Hi @merckxiaan, I’ll definitely be looking at it. I am a beginner as well!


Nice @Nakul_Tiruviluamala ,
I’ve just uploaded my code to a github gist because I’m running in an error with Julia. Issue
Even though my code crashes, the loss does decline for a few steps…
Perhaps you could try to reproduce this error?
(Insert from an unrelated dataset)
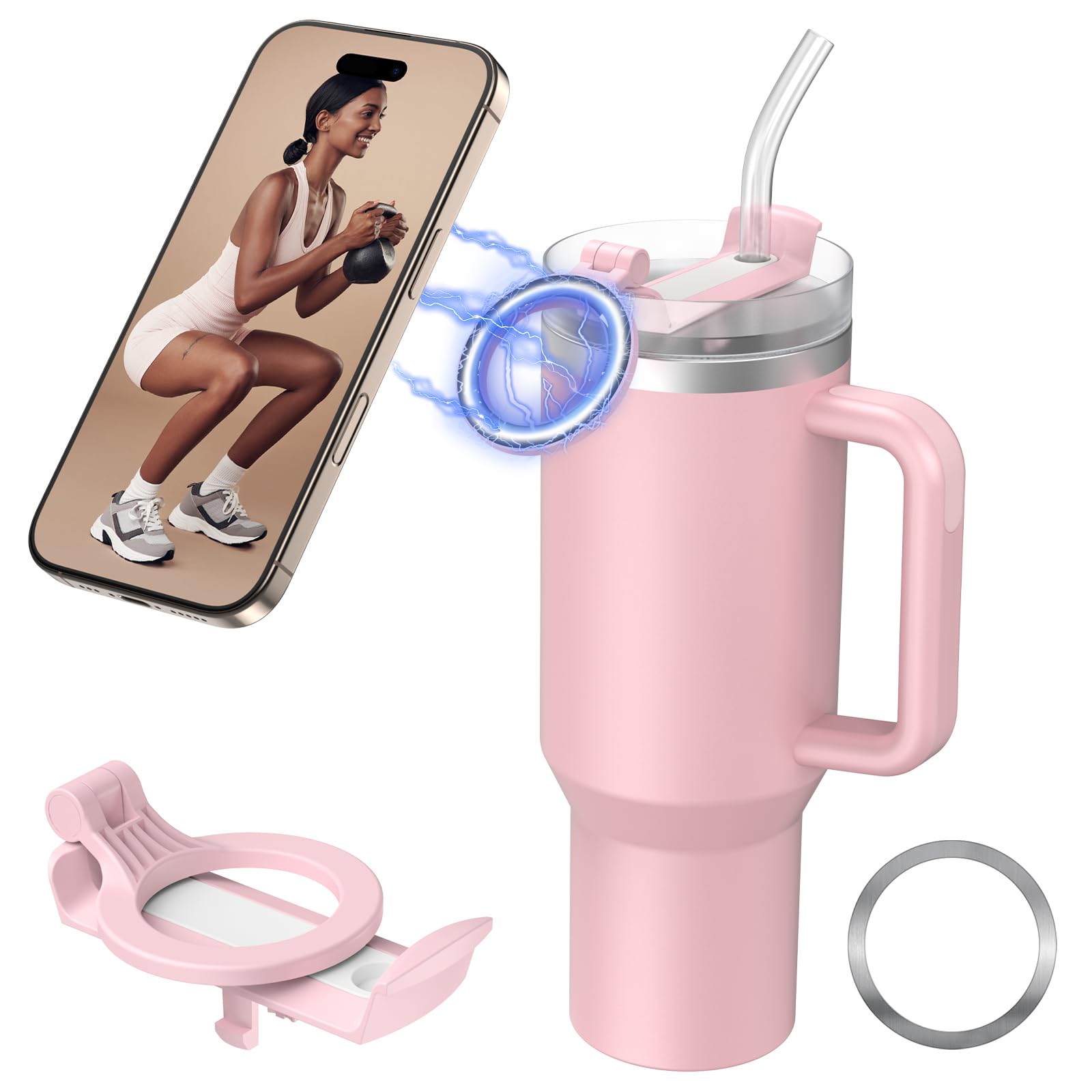 UKEXE Magnetic Phone Holder for Stanley 40oz Quencher H2.0 Tumbler with Handle, Rotatable Water Bottle Phone Stand Fit with MagSafe Phone, with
Nevermind, I’ve started over once more. Does anyone spot something wrong with my encoder, decoder or attention layer, for some reason, when I train my model the loss get’s stuck and the model predicts some frequent words.

struct Encoder
Encoder(voc_size::Int, h_size::Int) = Encoder(
    param(Flux.glorot_uniform(h_size, voc_size)),
    GRU(h_size, h_size))
function (e::Encoder)(x; dropout=0)
    x = e.embedding*x
    x = Dropout(dropout)(x)
    x = e.rnn(x)
Flux.@treelike Encoder

struct Decoder
Decoder(h_size, voc_size) = Decoder(
    param(Flux.glorot_uniform(h_size, voc_size)),
    GRU(h_size*2, h_size),
    Dense(h_size, voc_size, relu))
function (d::Decoder)(x, encoder_outputs; dropout=0)
    x = d.embedding * x
    x = Dropout(dropout)(x)
    decoder_state = d.rnn.state
    context = d.attention(encoder_outputs, decoder_state)
    x = d.rnn([x; context])
    x = softmax(d.output(x))
Flux.@treelike Decoder

struct Attention
Attention(h_size::Int) = Attention(Dense(2*h_size, 1, tanh))
function (a::Attention)(encoder_outputs, decoder_state)
    weights = []
    results = []
    for word in encoder_outputs
        weight = a.linear([word; decoder_state])
        push!(weights, weight)
    weights = softmax(vcat(weights...))
    return sum([encoder_outputs[i].*weights[i, :]' for i in 1:size(weights, 1)])
Flux.@treelike Attention


I’ve made some progress and put all my code, with some explanations, in a notebook. The model does seem to learn something… more often than not, the subject of the sentence is correct, but the remaining words are gibberish.

Also I notice a big difference in performance with different hyperparameters but I’m not sure how I could choose the optimal ones.

I’d really appreciate someone providing me with some feedback.